Activity
No pictures go into the copy. Write out exactly the lines below from the one containing "Very Demure Very" through the one containing "Amy reacting to".

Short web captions
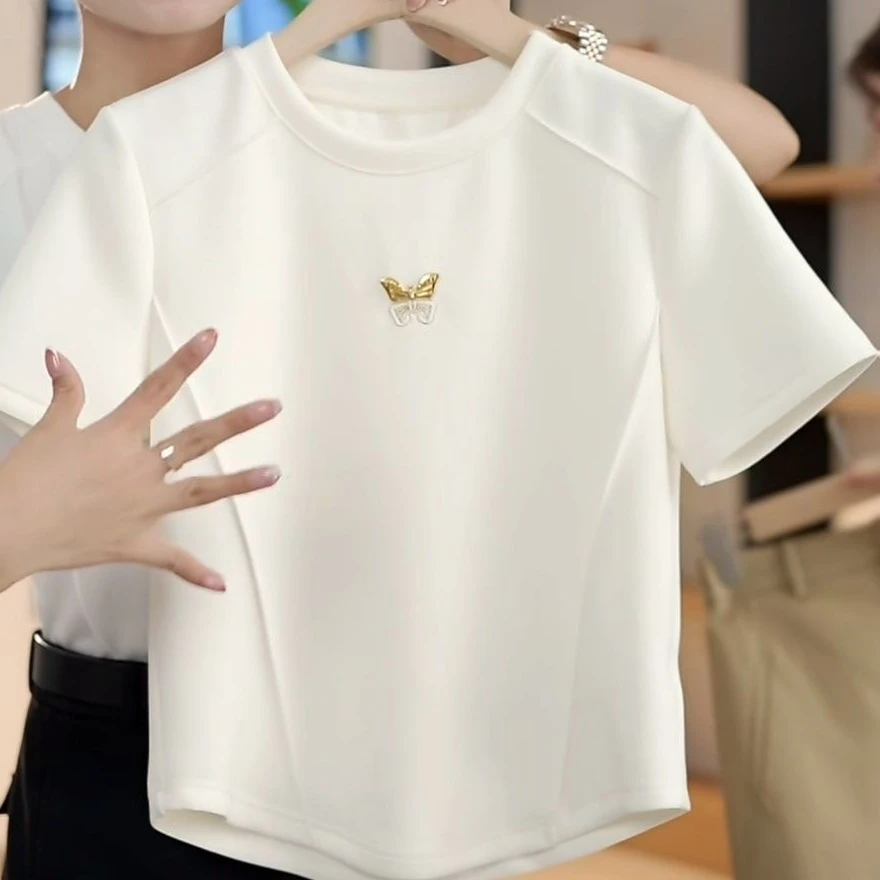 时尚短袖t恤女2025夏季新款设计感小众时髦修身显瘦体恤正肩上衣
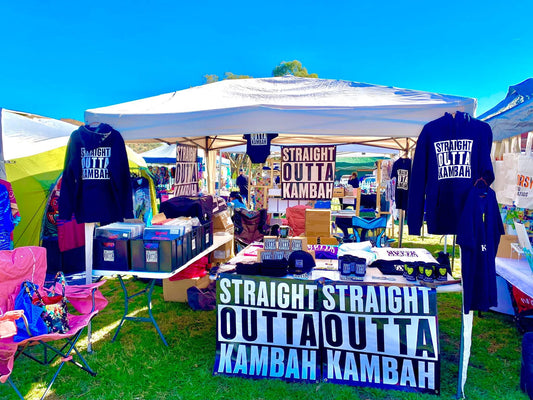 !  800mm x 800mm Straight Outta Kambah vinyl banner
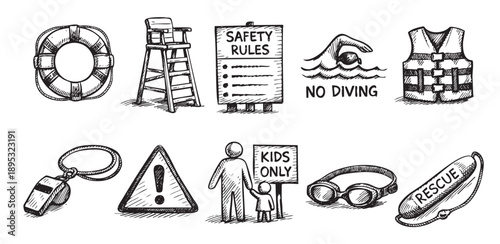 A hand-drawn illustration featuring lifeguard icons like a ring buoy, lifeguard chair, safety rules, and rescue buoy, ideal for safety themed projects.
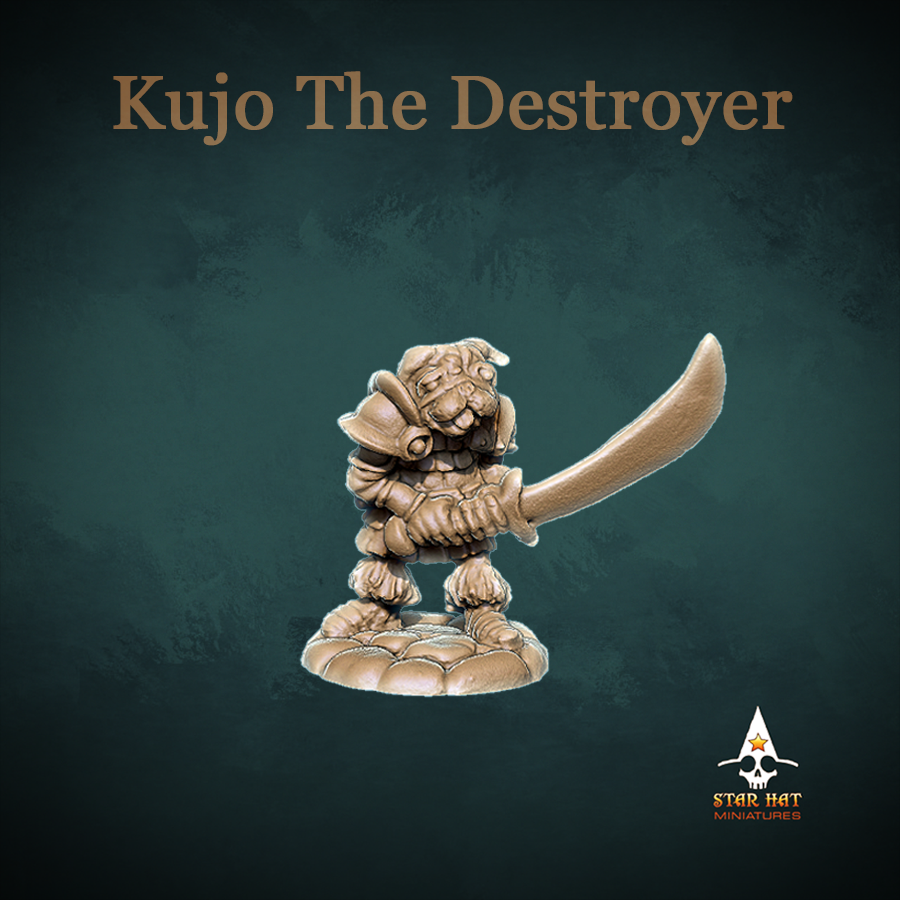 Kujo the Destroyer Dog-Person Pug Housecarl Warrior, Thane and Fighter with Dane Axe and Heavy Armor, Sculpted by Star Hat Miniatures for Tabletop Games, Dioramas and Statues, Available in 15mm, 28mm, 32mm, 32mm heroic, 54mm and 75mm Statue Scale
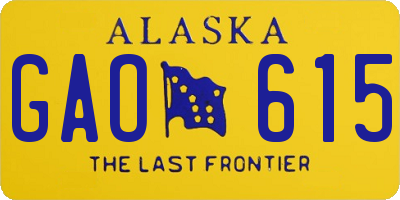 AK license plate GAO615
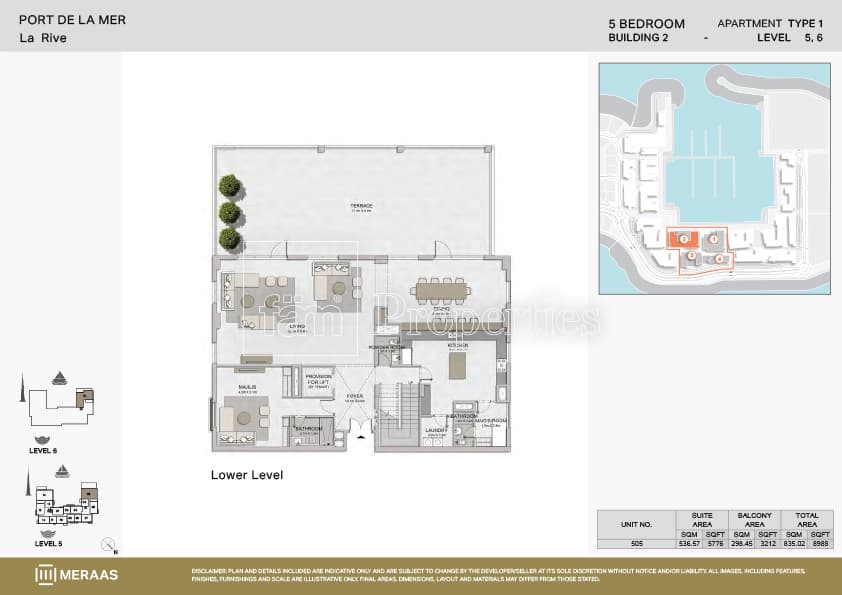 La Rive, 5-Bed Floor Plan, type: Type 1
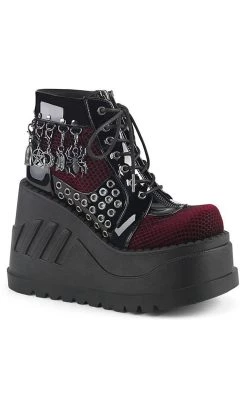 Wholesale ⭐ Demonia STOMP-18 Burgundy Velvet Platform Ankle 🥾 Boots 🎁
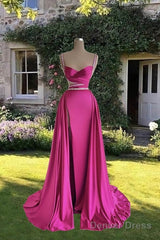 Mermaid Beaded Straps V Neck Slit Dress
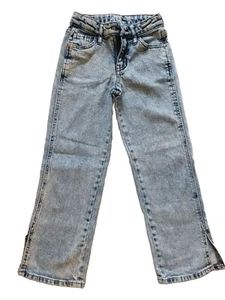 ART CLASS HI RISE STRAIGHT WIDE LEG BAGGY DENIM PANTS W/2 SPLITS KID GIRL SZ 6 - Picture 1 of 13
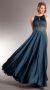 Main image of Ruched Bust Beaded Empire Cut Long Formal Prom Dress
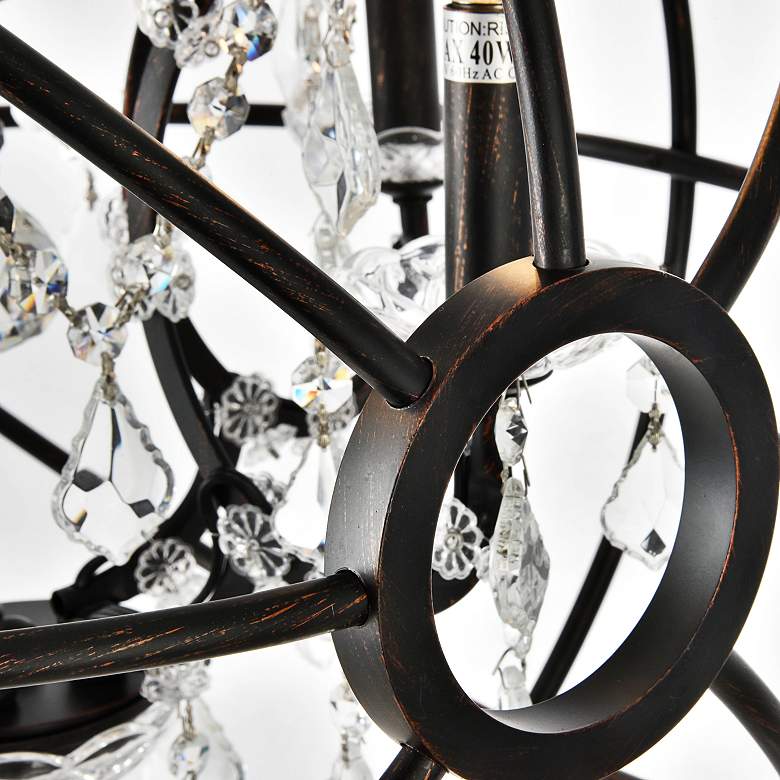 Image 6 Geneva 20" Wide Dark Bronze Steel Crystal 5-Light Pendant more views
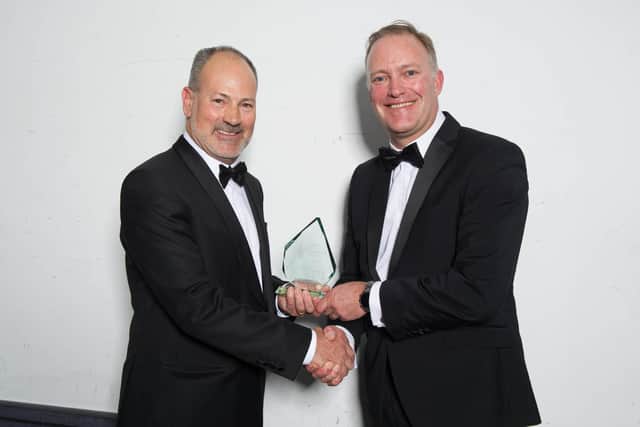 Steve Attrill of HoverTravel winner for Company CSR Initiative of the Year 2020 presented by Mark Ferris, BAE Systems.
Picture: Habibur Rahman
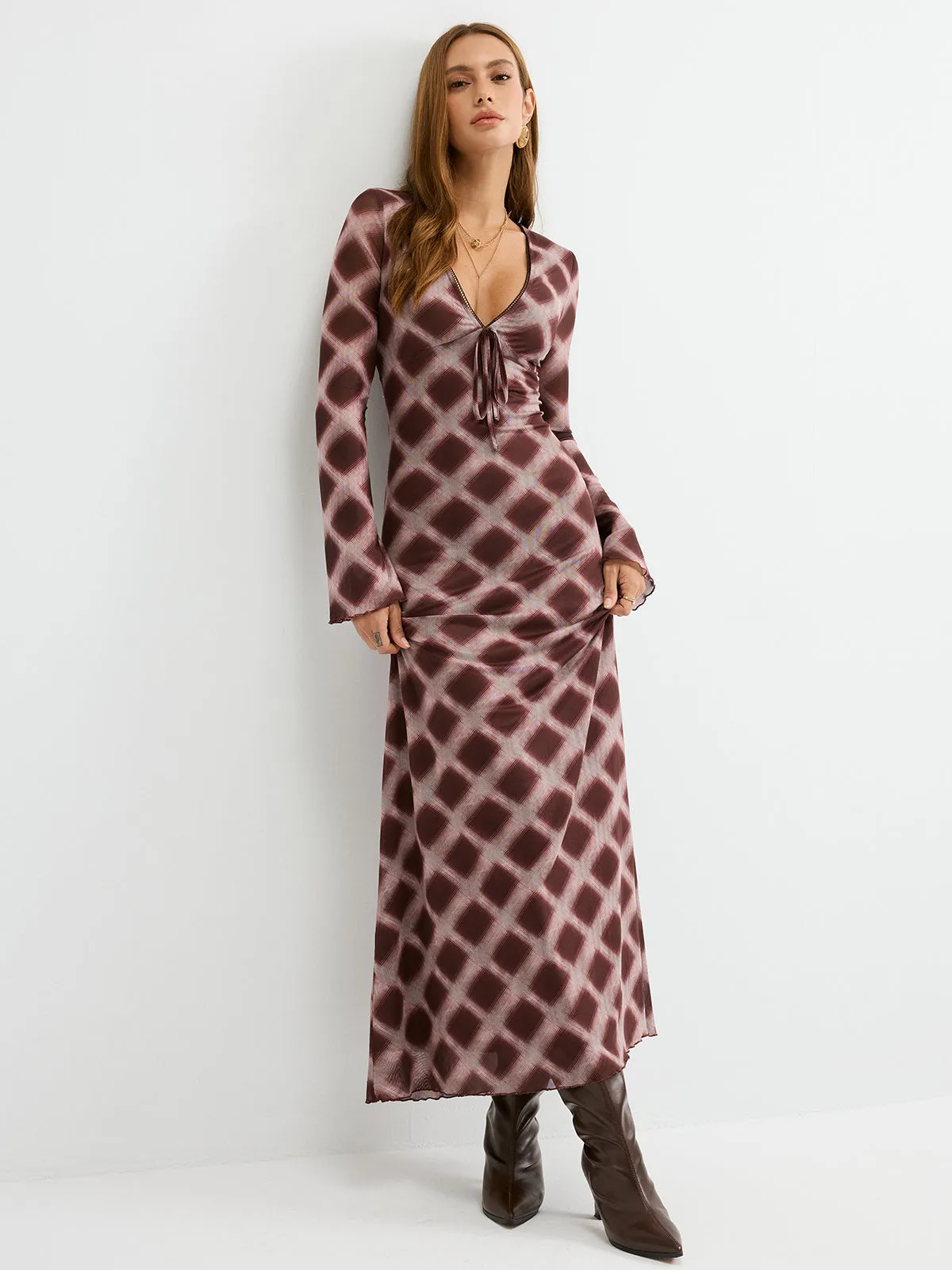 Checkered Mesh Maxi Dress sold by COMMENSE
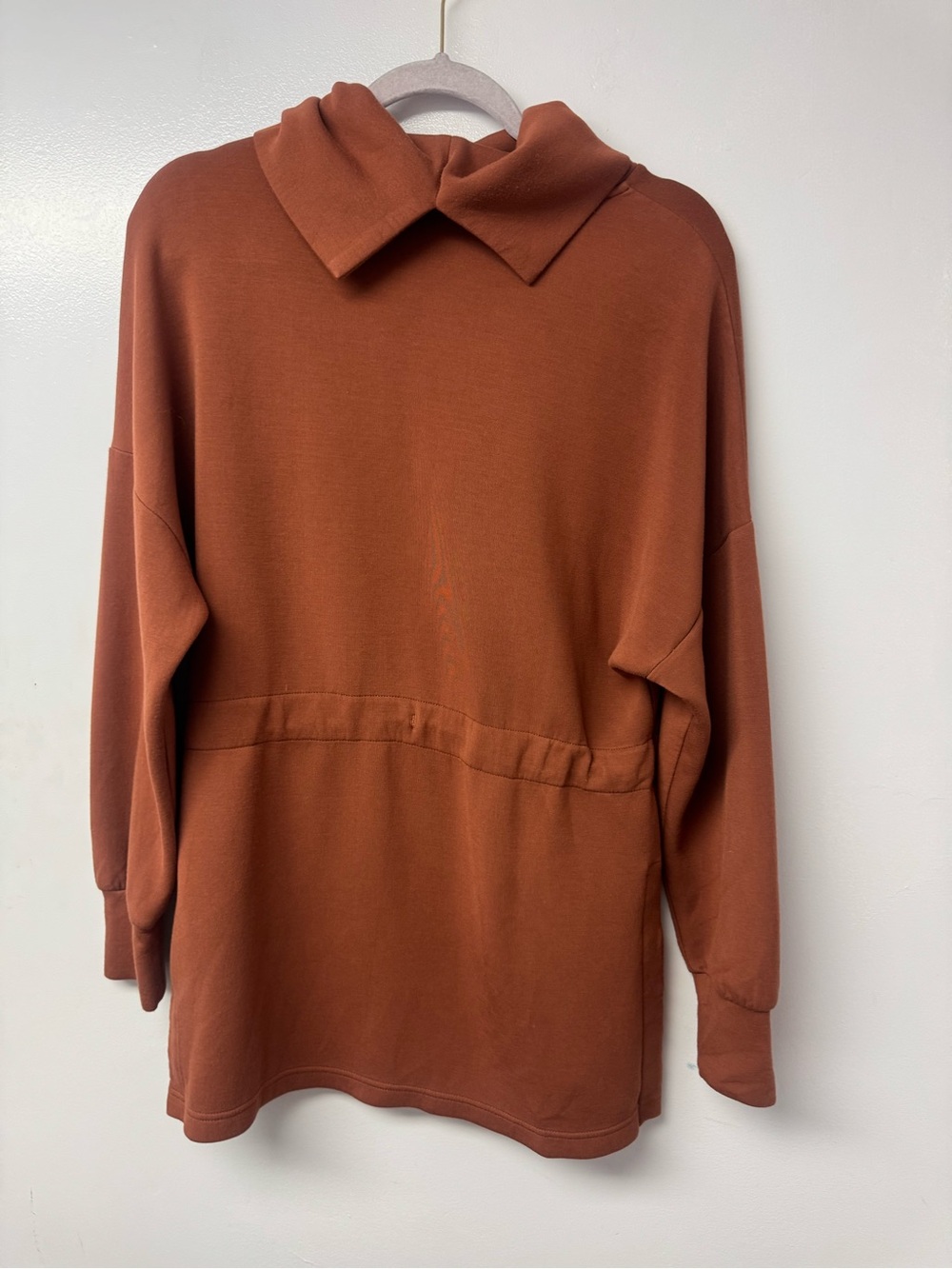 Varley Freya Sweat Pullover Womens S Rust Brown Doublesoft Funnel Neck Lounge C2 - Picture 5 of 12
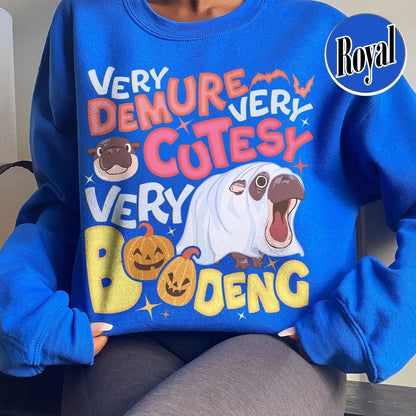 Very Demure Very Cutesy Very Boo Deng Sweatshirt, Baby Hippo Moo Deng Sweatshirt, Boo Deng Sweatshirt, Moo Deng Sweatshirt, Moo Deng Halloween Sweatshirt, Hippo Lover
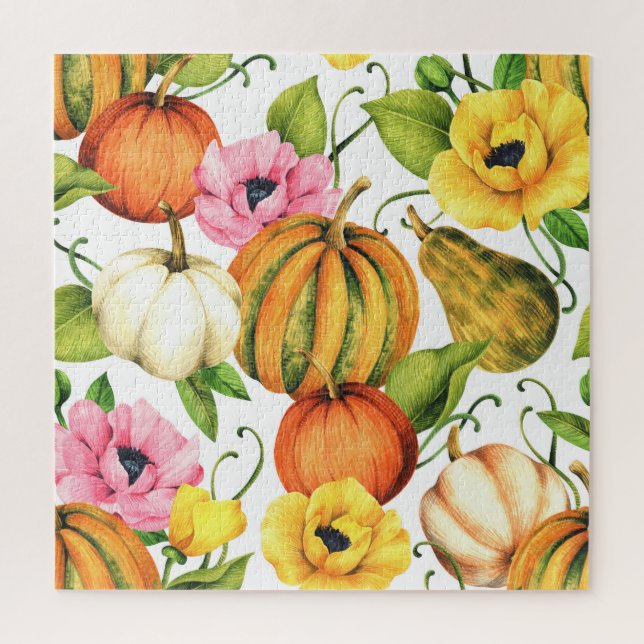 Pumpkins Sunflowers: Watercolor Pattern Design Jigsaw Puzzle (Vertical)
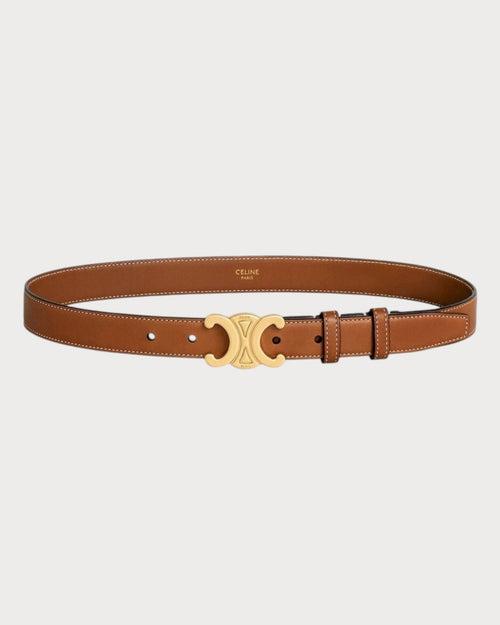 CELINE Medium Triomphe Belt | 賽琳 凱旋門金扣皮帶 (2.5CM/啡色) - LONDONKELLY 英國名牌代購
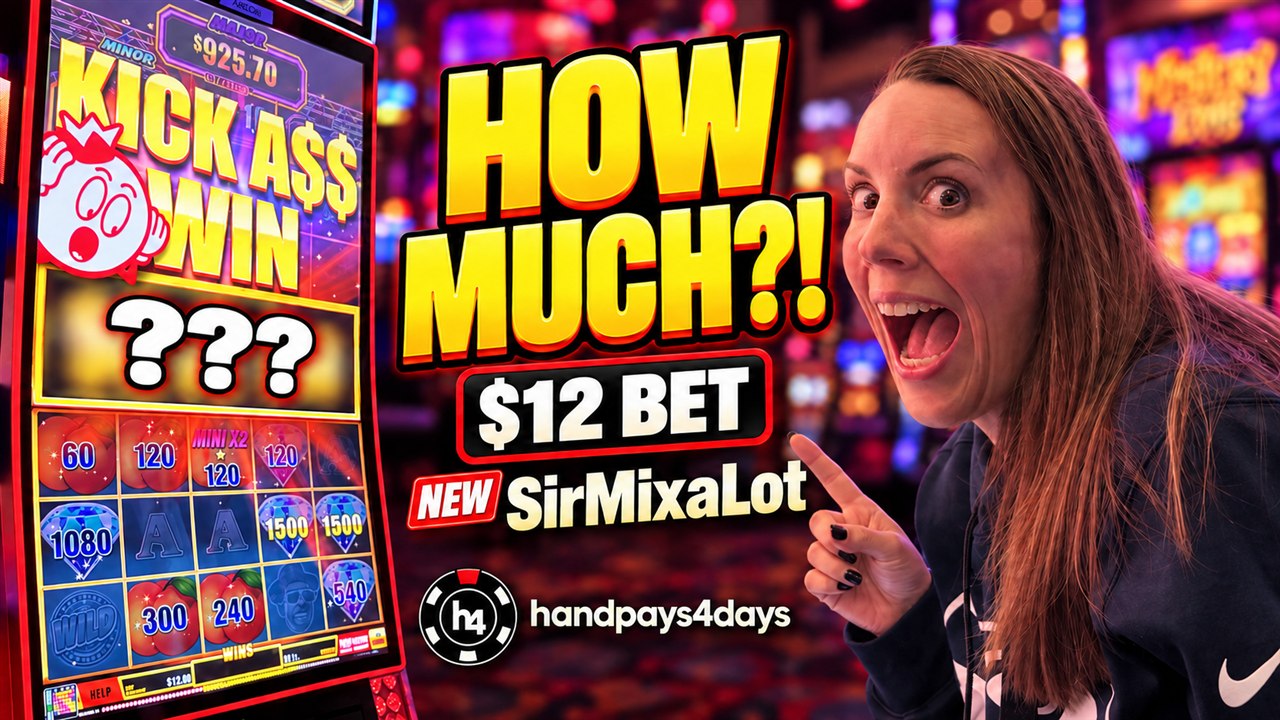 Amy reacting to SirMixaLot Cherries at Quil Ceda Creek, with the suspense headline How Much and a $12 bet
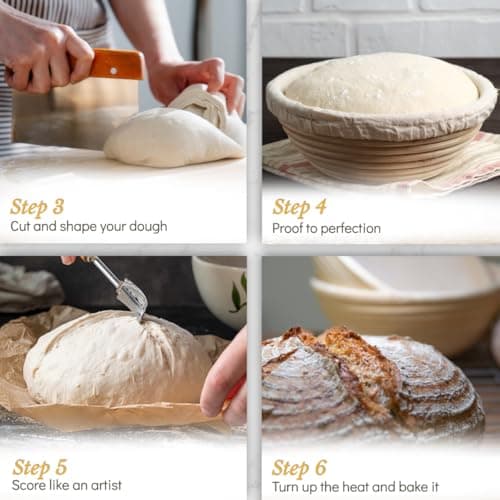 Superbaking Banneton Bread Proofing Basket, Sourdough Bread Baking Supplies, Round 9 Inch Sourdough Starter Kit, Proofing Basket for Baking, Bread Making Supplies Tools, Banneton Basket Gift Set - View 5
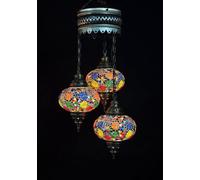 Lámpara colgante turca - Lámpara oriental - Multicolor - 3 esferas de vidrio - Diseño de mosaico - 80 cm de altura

Exercise answer
 Very Demure Very Cutesy Very Boo Deng Sweatshirt, Baby Hippo Moo Deng Sweatshirt, Boo Deng Sweatshirt, Moo Deng Sweatshirt, Moo Deng Halloween Sweatshirt, Hippo Lover
 Pumpkins Sunflowers: Watercolor Pattern Design Jigsaw Puzzle (Vertical)
 CELINE Medium Triomphe Belt | 賽琳 凱旋門金扣皮帶 (2.5CM/啡色) - LONDONKELLY 英國名牌代購
 Amy reacting to SirMixaLot Cherries at Quil Ceda Creek, with the suspense headline How Much and a $12 bet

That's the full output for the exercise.